Nelly O'Brien (c. 1739 – c. 1768) was a courtesan, best known for having been painted by the artist Sir Joshua Reynolds. She is not to be confused with the later Irish artist Nelly O'Brien.

Little is known of her early life or her family background. She was an actress before becoming a courtesan, and for some time may have been the mistress of Augustus Keppel, who introduced her to Reynolds. She become the lover of Frederick St John, and he commissioned Reynolds to paint her twice between 1762 and 1764. Those paintings are now in the Wallace Collection and Hunterian Museum.

Nelly was rumoured to have had a son by Frederick St John in 1764, then became the lover of Sackville Tufton, to whom she bore two sons – Alfred (b. 1765) and Sackville (b. 1766).

Her cause of death is unknown. A record in the burial register for St Ann's, Blackfriars – dated December 29, 1767 and stating "Eleanor O'Brien, aged 29" – may refer to her.

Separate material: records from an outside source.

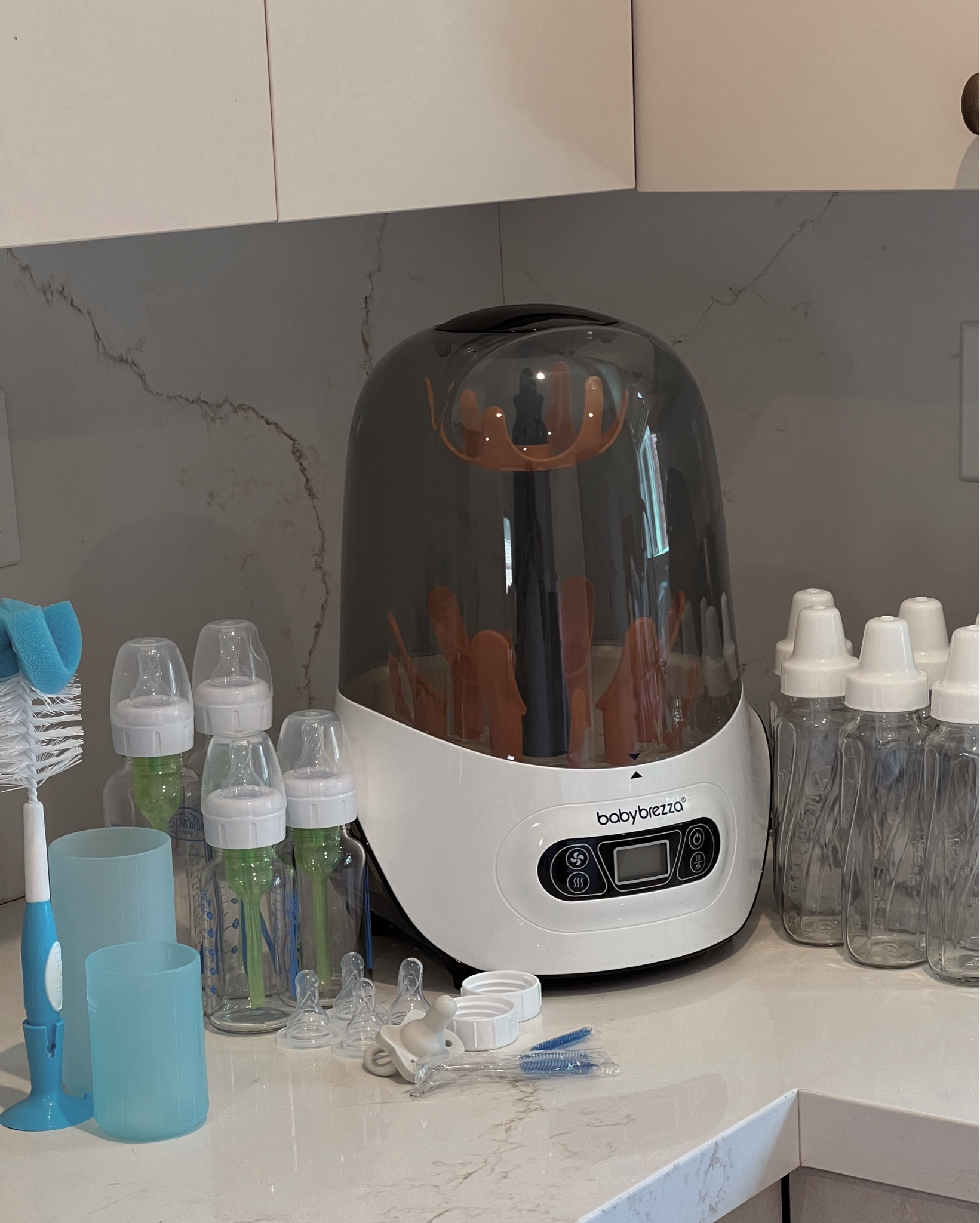 Decided to go with glass bottles so there’s less risk of chemicals and microplastics leaching when heated versus plastic bottles. I got two different brands to test out. Also linking a clean baby formula made with European standards - all of my mom friends swear by this! And the Baby Brezza dryer/sterilizer for pumping and bottles. 

Baby bottles 
Glass baby bottles 
Organic baby formula 
Clean baby formula 
Baby registry 
Clear organization bin 
Nesting 
Maternity 
Baby 
Bump
Baby bottle sterilizer/dryer 



#LTKBaby #LTKHome #LTKBump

The painting of her in the Wallace Collection was much admired and frequently copied in engravings. The art critic Jonathan Jones has written, "It's an urbane painting, neither looking down on Nelly nor getting all florid and rococo with excitement at painting a high-class prostitute. Her ambiguous social status frees Reynolds from the need to orate; there is no claim to grandeur here, instead an intimate directness."